== RECORDS TO USE

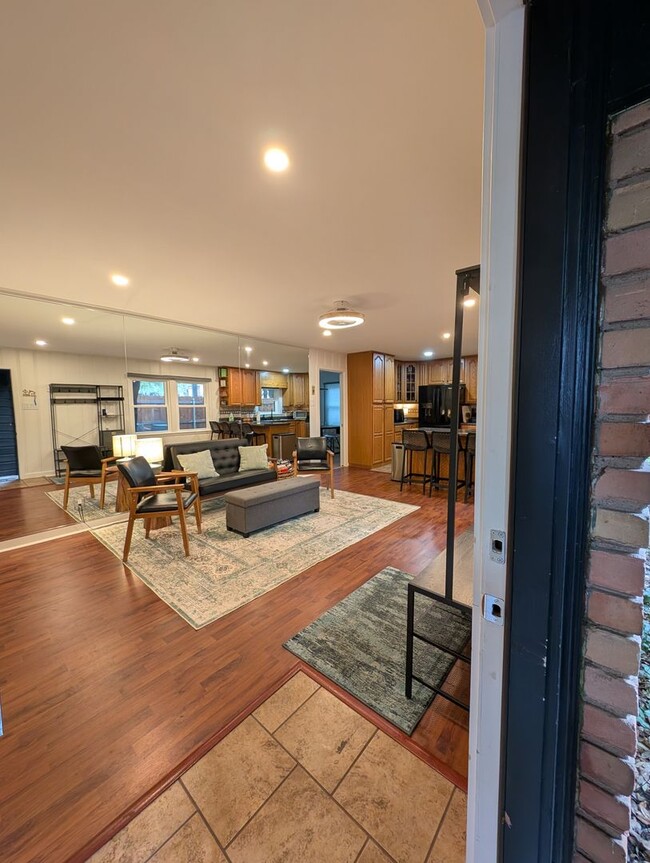 4421 Cedar Mountain Dr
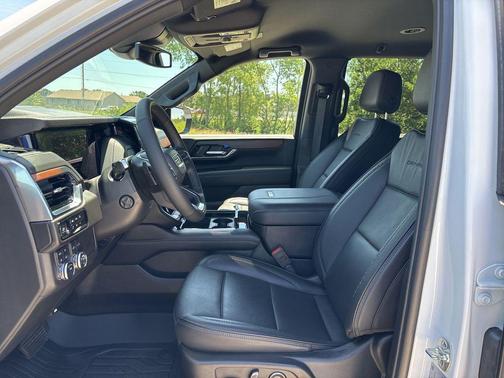 Summit White 2025 GMC Yukon Denali
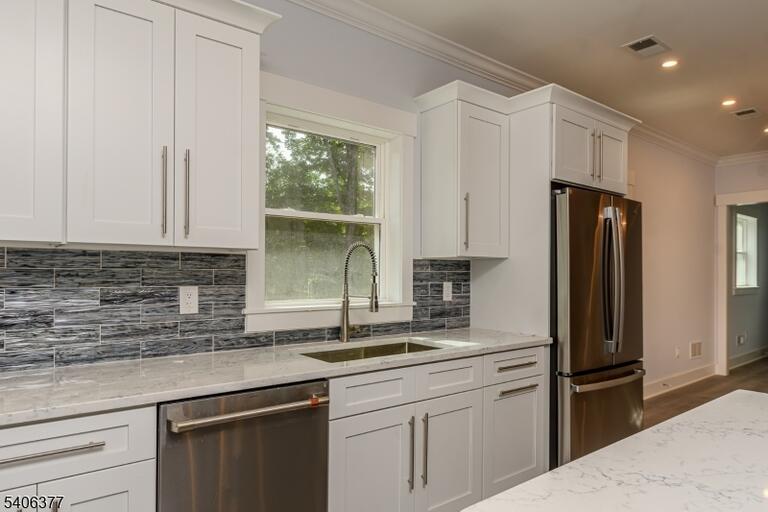 Property listing MLS 4040285 photo 6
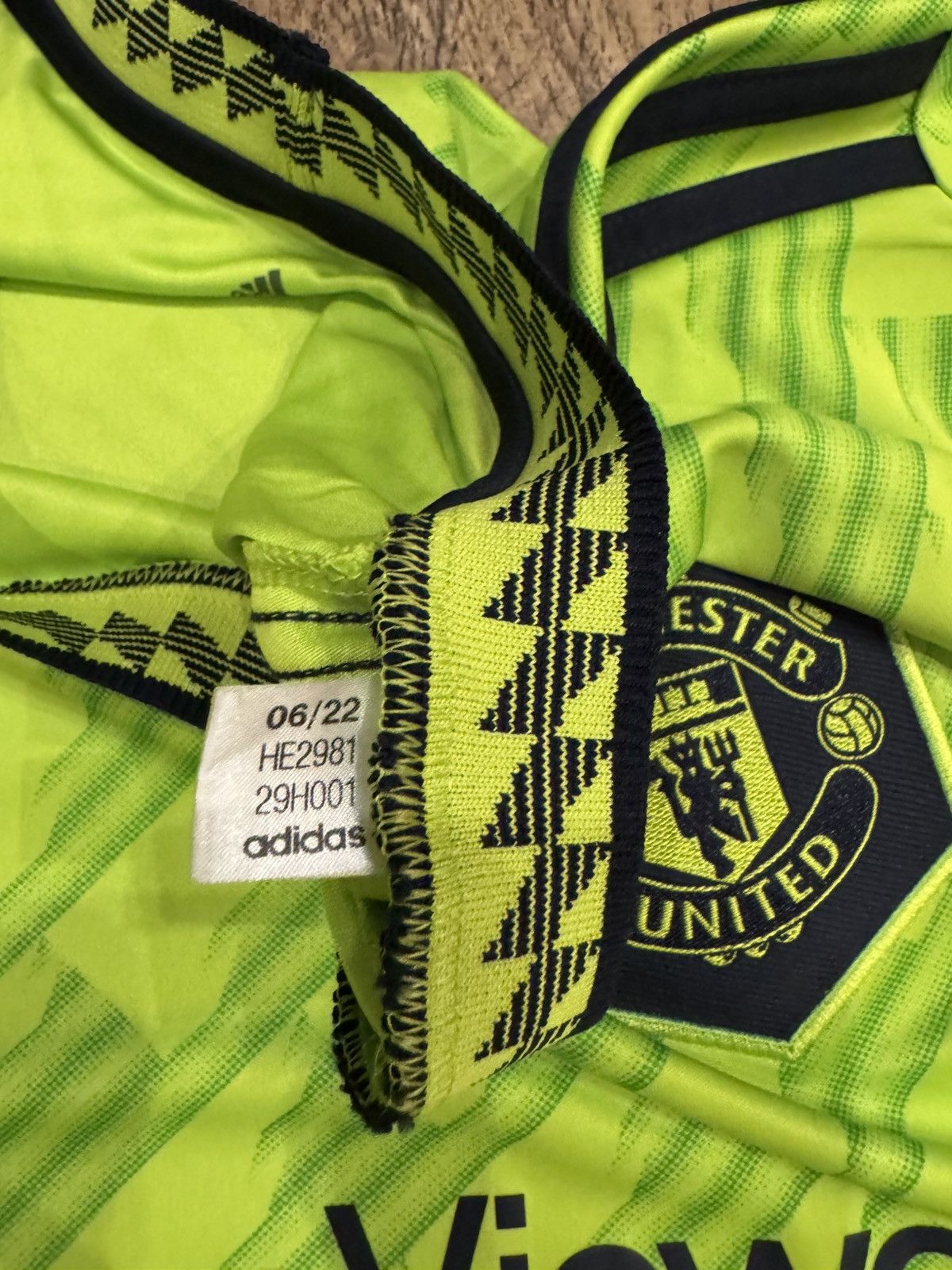 Adidas MANCHESTER UNITED 2022 -23 FOOTBALL JERSEY ADIDAS HE2981 XXL Size US XXL / EU 58 / 5 - 8 Thumbnail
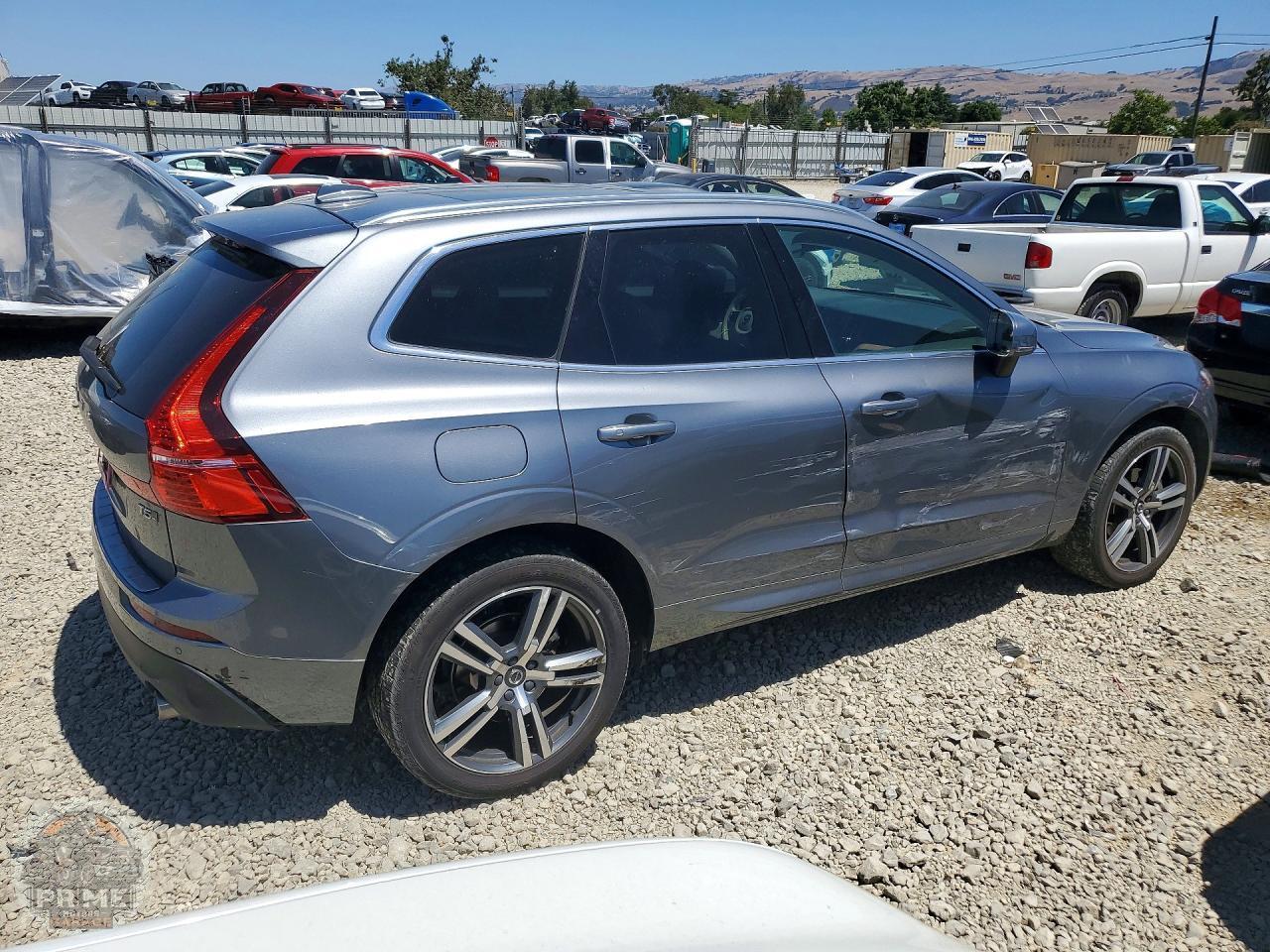 2021 VOLVO XC60 — фото 1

====

WORK TASK:
When you retype the listing, keep every line exactly as it is and drop the pictures.

SOLVED EXERCISE:
 4421 Cedar Mountain Dr
 Summit White 2025 GMC Yukon Denali
 Property listing MLS 4040285 photo 6
 Adidas MANCHESTER UNITED 2022 -23 FOOTBALL JERSEY ADIDAS HE2981 XXL Size US XXL / EU 58 / 5 - 8 Thumbnail
 2021 VOLVO XC60 — фото 1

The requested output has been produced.